Depuis les assemblées générales, les travailleurs de l'éducation cherchent à étendre la mobilisation à d'autres secteurs, et ce d'autant plus que des grèves émergent également dans les bibliothèques municipales, parmi les employés municipaux et les services sociaux, et de premières expériences de convergence entre secteurs ont pu avoir lieu depuis le 1er mai. « La lutte de la communauté éducative est la même que celle de tous les services publics : nous devons nous coordonner » ajoute Cynthia.

En ce sens, la solidarité des AFA (Associations de familles d'élèves) continue également de se renforcer, en participant à des journées de protestation conjointes avec les enseignants et les travailleurs de l'éducation. À cela s'ajoute le soutien du mouvement étudiant. Le Syndicat d'étudiants a appelé à la grève les 12 et 27 mai ainsi que le 5 juin, tandis que des organisations de jeunesse, comme Contracorrent, organisation du courant Révolution Permanente, cherchent à étendre la mobilisation aux universités en affirmant « On n'étudie pas pour le patron ni pour devenir de la chair à canon. L'investissement pour l'enseignement public : pas un euro pour le réarmement impérialiste ! »

Une radicalisation des gouvernements face à l'ampleur de la mobilisation, qui montre qu'il n'y a rien à attendre des institutions

Malgré le large suivi des grèves et mobilisations depuis février en Catalogne, le Govern socialiste du PSC a jusqu'ici maintenu une attitude de confrontation et d'immobilisme. Les enseignants dénoncent le fait que le Département ait reporté toute négociation effective et n'a présenté aucune proposition acceptable face à leurs revendications. De plus, le conflit s'est aggravé politiquement en raison de la dérive autoritaire du gouvernement de la Generalitat. Les organisations syndicales et les assemblées dénoncent des tentatives de démobilisation, des procédures disciplinaires, des contrôles d'identité, des amendes et des plaintes contre les participants aux manifestations, mais aussi des tentatives d'infiltration de policiers dans les assemblées générales.

Au Pays valencien, loin de s'ouvrir à une véritable négociation, la coalition gouvernementale droite-extrême-droite du PP et de VOX a présenté une proposition salariale rejetée par les syndicats car jugée ridiculement insuffisante — 75 euros bruts mensuels répartis sur trois ans — tout en imposant des services minimums dénoncés comme abusifs et contestés en justice.

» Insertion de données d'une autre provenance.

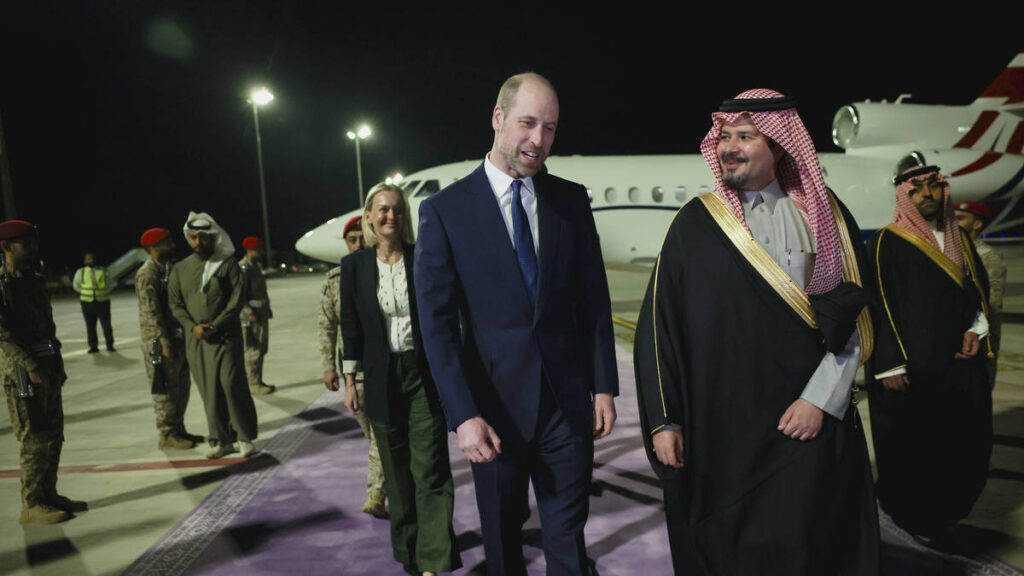 William’s Saudi tour enters last day as trip overshadowed by Epstein scandal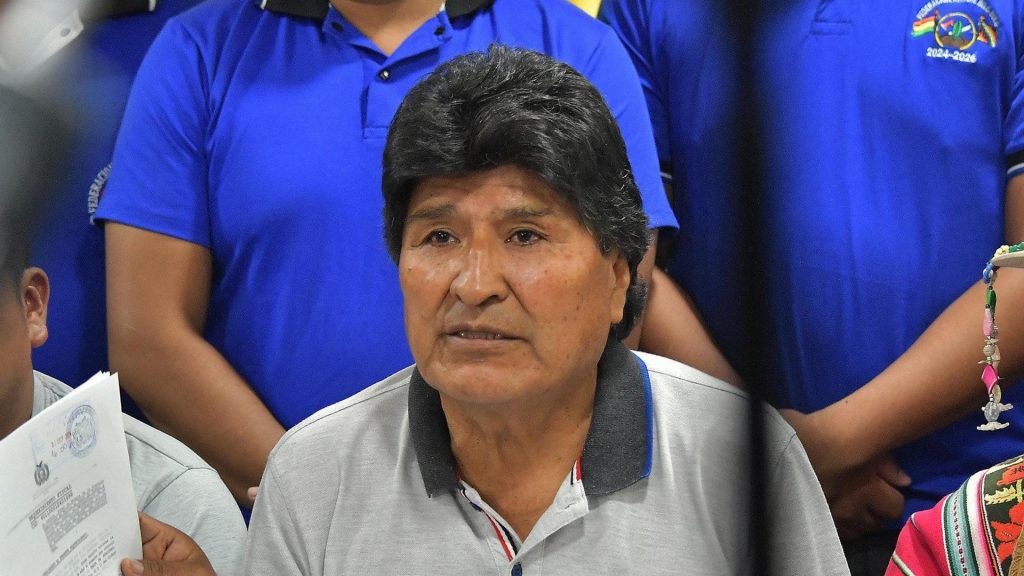 Bolivia Accuses Evo Morales of Staging Assassination Attempt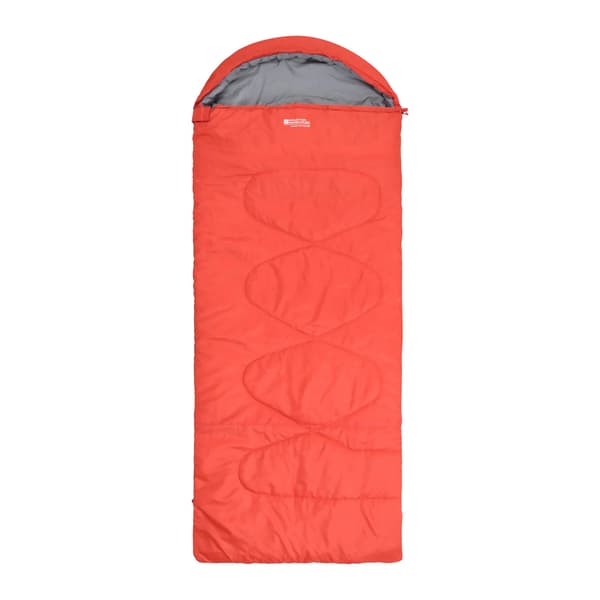 Mountain Warehouse Summit 250 Högerdragkedja Vintersovsäck 215 Burnt Orange 215cm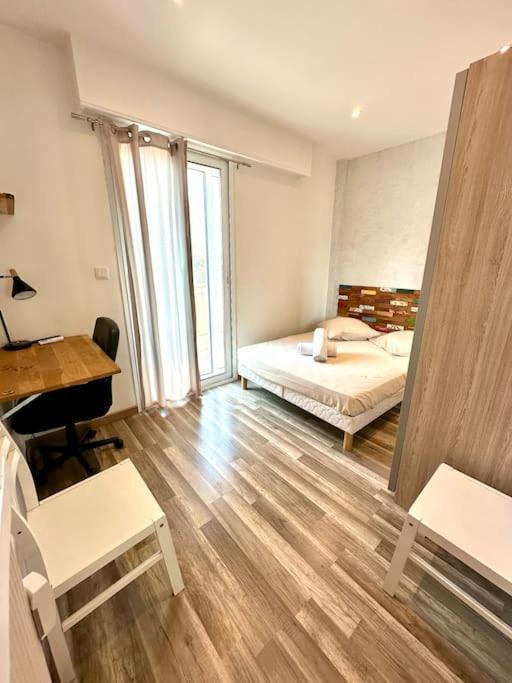 ניס Appartement Avec 4 Chambres Doubles - Proche De La Mer, Des Transports Et De La Promenade Des Anglais מראה חיצוני תמונה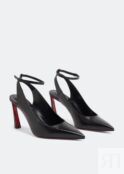 Туфли CHRISTIAN LOUBOUTIN Condora sling pumps, черный 1230617B439 | Black фото 4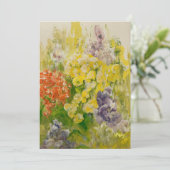 Denk aan Spring Flat Note Kaart (Staand voorkant)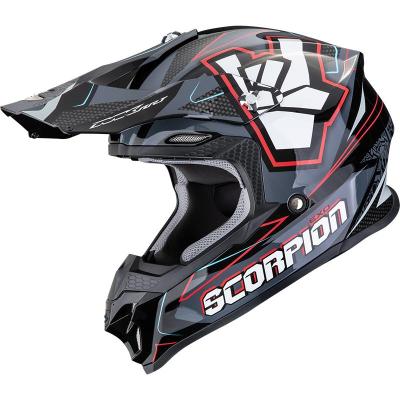 Casque cross VX-16 EVO AIR ROK SCORPION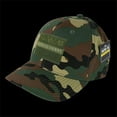thumbnail image 1 of Embroidered Ripstop Cap, RDT, Woodland, 1 of 1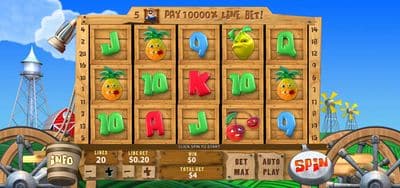 Funky Fruits Farm screenshot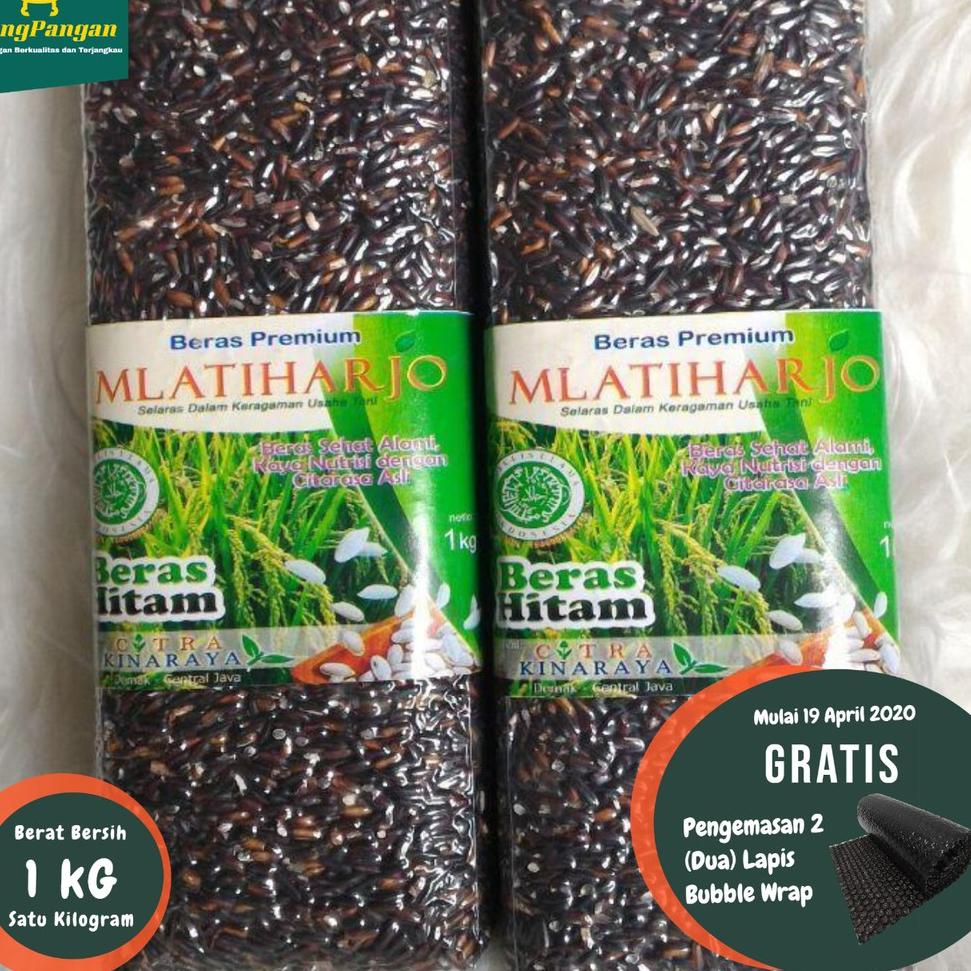 

Promo.. Beras Hitam Mlatiharjo Cocok untuk Diet ataupun Diabet / Black RIce / Forbidden RIce 52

Le conflit dans l'éducation met ainsi en évidence que, tandis que le PP et Vox appliquent ouvertement des politiques réactionnaires et libérales de privatisation de l'école, des gouvernements se présentant comme progressistes, tels que celui du PSC en Catalogne, répondent eux aussi par le refus des revendications, des campagnes médiatiques contre les mobilisations et des mesures répressives face à une communauté éducative de plus en plus organisée à la base.

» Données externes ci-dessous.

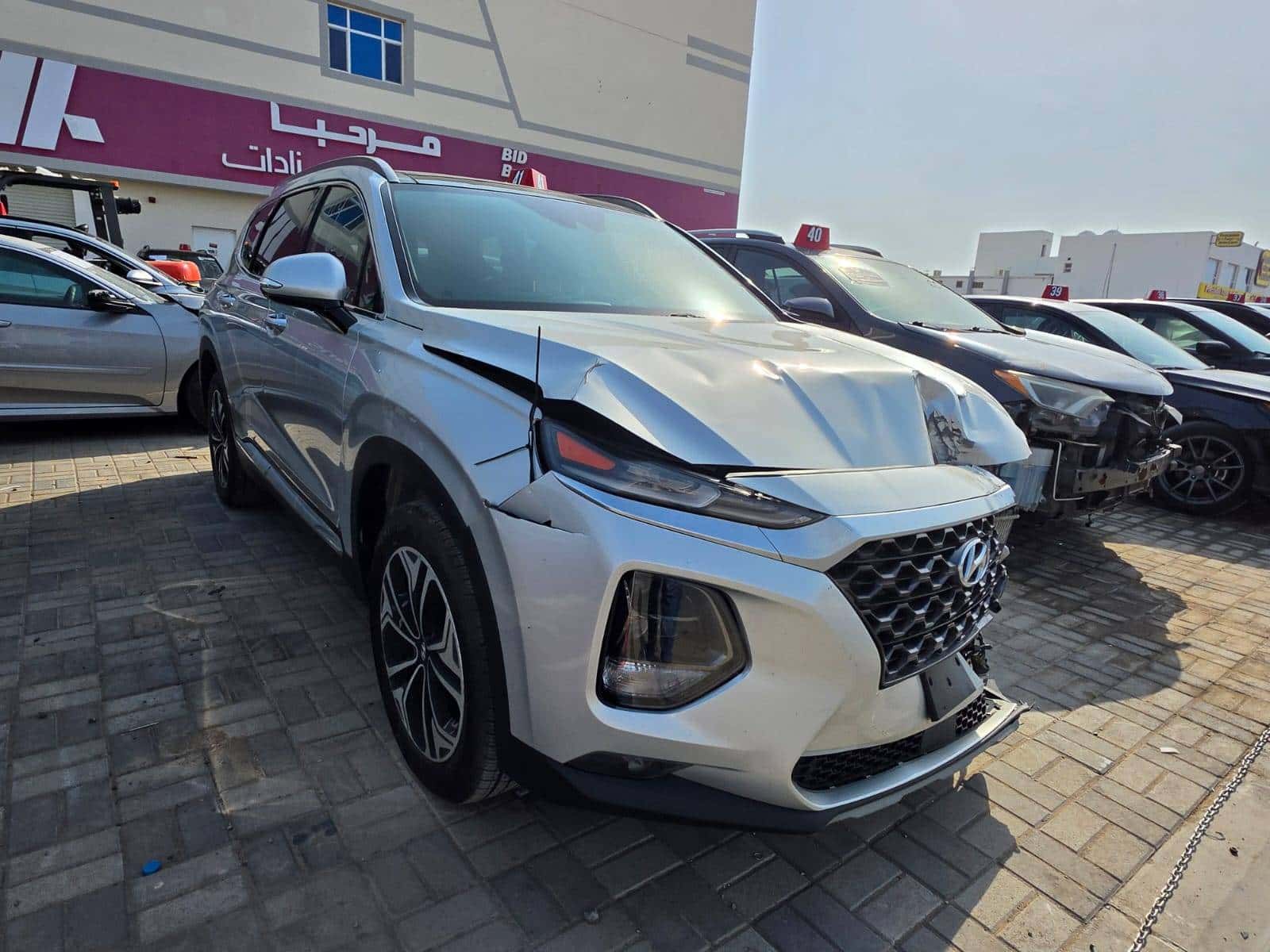 Hyundai Santa Fe 2019 thumbnail 3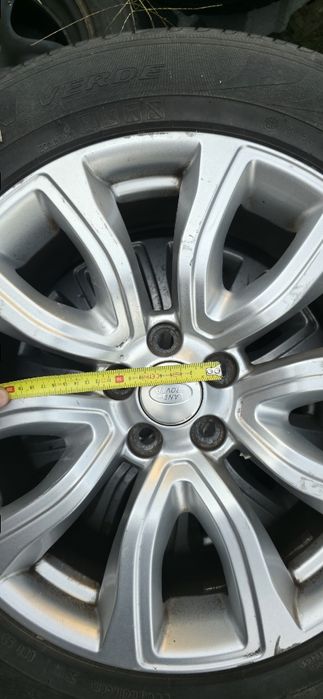 Jantes lande rover com pneus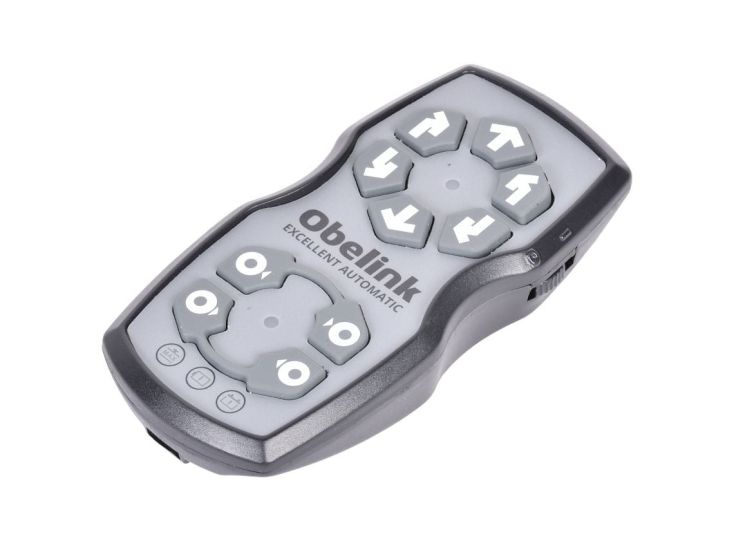 Obelink Excellent Automatic II mover mando a distancia - black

Face au mépris des différents gouvernements régionaux et de l'Etat central et à la trahison des directions syndicales, les travailleurs de l'éducation de l'Etat espagnol ont donc répondu par une radicalisation de la mobilisation par en bas avec un vrai plan de bataille et des assemblées décisionnaires. Cette séquence de lutte des classes, dans laquelle les prochaines semaines s'annoncent décisives, apparaît ainsi d'ores et déjà exemplaire par son niveau d'auto-organisation, sa volonté d'élargissement et sa radicalité. Alors qu'en France également, le secteur de l'éducation s'est mobilisé à plusieurs reprises contre l'austérité dans l'année scolaire, depuis les journées « Bloquons tout » de septembre aux mobilisations locales et nationales de 2026, l'exemple espagnol montre la voie à suivre pour dépasser les dates isolées et routinières et construire un véritable rapport de force.